- Work task: The entries below contain a line with "Zone Denmark Untersetzer Hexagon Black" and a line with "thumbnail image 6". Quote exactly those two lines and all lines between them.

[Records from a dataset]
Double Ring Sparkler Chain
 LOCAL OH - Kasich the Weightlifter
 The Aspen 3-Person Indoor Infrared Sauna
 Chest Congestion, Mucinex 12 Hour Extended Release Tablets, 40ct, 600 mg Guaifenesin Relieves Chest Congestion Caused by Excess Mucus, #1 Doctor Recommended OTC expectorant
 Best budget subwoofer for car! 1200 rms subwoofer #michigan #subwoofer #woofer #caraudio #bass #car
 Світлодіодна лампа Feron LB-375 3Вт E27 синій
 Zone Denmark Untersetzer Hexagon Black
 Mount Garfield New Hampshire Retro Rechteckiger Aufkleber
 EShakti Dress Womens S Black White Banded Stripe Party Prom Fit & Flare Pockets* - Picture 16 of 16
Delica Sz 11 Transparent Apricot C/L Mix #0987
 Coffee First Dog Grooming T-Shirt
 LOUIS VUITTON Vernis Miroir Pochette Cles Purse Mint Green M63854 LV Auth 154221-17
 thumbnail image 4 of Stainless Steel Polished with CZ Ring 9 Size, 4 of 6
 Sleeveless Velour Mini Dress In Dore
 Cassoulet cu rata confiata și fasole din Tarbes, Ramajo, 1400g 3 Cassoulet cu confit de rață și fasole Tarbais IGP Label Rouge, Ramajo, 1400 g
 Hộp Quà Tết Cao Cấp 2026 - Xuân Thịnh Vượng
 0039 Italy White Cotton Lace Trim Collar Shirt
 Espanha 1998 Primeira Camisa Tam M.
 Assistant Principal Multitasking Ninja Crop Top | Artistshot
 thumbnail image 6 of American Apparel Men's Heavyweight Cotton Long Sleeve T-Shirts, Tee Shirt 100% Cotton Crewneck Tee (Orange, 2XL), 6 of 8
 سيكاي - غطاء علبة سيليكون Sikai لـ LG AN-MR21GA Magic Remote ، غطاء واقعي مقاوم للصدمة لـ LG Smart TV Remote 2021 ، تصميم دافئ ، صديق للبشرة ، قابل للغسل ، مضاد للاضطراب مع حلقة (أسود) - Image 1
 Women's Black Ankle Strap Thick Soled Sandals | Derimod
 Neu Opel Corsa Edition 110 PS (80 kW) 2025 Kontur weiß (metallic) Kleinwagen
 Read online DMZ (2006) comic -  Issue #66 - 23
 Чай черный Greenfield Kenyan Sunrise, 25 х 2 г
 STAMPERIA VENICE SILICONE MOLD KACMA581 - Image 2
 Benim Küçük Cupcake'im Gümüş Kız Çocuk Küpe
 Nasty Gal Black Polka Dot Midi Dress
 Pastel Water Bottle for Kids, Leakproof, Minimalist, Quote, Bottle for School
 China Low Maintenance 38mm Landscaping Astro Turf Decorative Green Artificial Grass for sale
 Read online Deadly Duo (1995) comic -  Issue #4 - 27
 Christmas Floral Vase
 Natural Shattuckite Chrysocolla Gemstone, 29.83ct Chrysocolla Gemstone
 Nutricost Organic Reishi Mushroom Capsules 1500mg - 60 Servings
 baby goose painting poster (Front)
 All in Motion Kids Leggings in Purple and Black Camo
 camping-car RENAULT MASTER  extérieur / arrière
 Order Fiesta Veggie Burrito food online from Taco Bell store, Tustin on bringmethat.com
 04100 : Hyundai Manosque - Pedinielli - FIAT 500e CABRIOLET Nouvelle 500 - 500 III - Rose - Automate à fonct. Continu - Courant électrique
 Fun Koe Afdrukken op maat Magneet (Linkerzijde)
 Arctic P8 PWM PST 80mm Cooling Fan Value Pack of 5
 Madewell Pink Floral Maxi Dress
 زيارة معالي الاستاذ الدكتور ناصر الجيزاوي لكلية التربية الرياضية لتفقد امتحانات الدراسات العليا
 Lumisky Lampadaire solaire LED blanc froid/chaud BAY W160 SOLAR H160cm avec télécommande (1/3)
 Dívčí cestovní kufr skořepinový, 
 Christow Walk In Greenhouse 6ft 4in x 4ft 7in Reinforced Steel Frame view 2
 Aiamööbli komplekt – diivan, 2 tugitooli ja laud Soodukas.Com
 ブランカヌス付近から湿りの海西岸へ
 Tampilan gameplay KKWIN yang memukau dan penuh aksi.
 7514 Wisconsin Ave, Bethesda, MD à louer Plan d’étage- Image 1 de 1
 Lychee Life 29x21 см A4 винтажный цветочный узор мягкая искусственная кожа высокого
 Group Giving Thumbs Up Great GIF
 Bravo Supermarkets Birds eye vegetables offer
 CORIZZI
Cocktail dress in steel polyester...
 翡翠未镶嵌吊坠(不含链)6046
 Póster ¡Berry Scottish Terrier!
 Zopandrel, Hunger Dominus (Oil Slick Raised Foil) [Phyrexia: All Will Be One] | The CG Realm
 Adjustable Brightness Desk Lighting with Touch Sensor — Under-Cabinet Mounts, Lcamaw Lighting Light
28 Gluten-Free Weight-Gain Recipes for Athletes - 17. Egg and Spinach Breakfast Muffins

- Your solution:
 Zone Denmark Untersetzer Hexagon Black
 Mount Garfield New Hampshire Retro Rechteckiger Aufkleber
 EShakti Dress Womens S Black White Banded Stripe Party Prom Fit & Flare Pockets* - Picture 16 of 16
Delica Sz 11 Transparent Apricot C/L Mix #0987
 Coffee First Dog Grooming T-Shirt
 LOUIS VUITTON Vernis Miroir Pochette Cles Purse Mint Green M63854 LV Auth 154221-17
 thumbnail image 4 of Stainless Steel Polished with CZ Ring 9 Size, 4 of 6
 Sleeveless Velour Mini Dress In Dore
 Cassoulet cu rata confiata și fasole din Tarbes, Ramajo, 1400g 3 Cassoulet cu confit de rață și fasole Tarbais IGP Label Rouge, Ramajo, 1400 g
 Hộp Quà Tết Cao Cấp 2026 - Xuân Thịnh Vượng
 0039 Italy White Cotton Lace Trim Collar Shirt
 Espanha 1998 Primeira Camisa Tam M.
 Assistant Principal Multitasking Ninja Crop Top | Artistshot
 thumbnail image 6 of American Apparel Men's Heavyweight Cotton Long Sleeve T-Shirts, Tee Shirt 100% Cotton Crewneck Tee (Orange, 2XL), 6 of 8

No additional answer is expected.